**TASK INSTRUCTIONS**
How many lines of the entries below contain the string "Black"? State the number alone.
++++ EXTRACTED DATA
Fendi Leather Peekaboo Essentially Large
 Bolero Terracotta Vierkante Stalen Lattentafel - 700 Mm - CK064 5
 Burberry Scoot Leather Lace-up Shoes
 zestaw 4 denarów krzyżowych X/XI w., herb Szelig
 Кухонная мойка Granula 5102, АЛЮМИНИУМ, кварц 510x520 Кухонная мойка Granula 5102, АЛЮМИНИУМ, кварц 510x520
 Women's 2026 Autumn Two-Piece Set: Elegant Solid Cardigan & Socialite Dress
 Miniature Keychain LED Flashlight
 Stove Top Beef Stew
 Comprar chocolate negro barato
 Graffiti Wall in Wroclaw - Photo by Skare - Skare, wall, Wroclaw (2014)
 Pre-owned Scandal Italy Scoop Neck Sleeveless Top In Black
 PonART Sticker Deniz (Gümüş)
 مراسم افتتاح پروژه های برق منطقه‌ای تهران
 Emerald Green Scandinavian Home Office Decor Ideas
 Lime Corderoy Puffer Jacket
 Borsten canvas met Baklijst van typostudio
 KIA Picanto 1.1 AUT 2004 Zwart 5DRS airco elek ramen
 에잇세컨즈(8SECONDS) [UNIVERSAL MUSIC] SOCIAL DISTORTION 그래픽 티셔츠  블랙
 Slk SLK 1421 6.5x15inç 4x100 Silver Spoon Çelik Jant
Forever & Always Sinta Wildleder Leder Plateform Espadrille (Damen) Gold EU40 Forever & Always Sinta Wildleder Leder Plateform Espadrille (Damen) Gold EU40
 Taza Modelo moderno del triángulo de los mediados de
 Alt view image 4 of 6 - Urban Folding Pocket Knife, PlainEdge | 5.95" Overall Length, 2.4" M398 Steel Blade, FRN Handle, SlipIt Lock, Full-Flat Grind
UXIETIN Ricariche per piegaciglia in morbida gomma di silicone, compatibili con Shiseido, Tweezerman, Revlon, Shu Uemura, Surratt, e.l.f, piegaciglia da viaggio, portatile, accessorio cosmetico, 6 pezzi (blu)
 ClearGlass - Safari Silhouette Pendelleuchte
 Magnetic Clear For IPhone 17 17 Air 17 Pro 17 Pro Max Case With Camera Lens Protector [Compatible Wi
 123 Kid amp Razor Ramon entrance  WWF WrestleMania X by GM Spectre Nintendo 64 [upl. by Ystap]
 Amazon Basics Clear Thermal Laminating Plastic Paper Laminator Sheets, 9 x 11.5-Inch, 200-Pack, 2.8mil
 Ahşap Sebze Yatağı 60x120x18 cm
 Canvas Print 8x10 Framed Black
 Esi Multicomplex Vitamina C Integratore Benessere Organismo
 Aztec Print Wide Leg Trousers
++++++++
**ANSWER FOR THE TASK**
2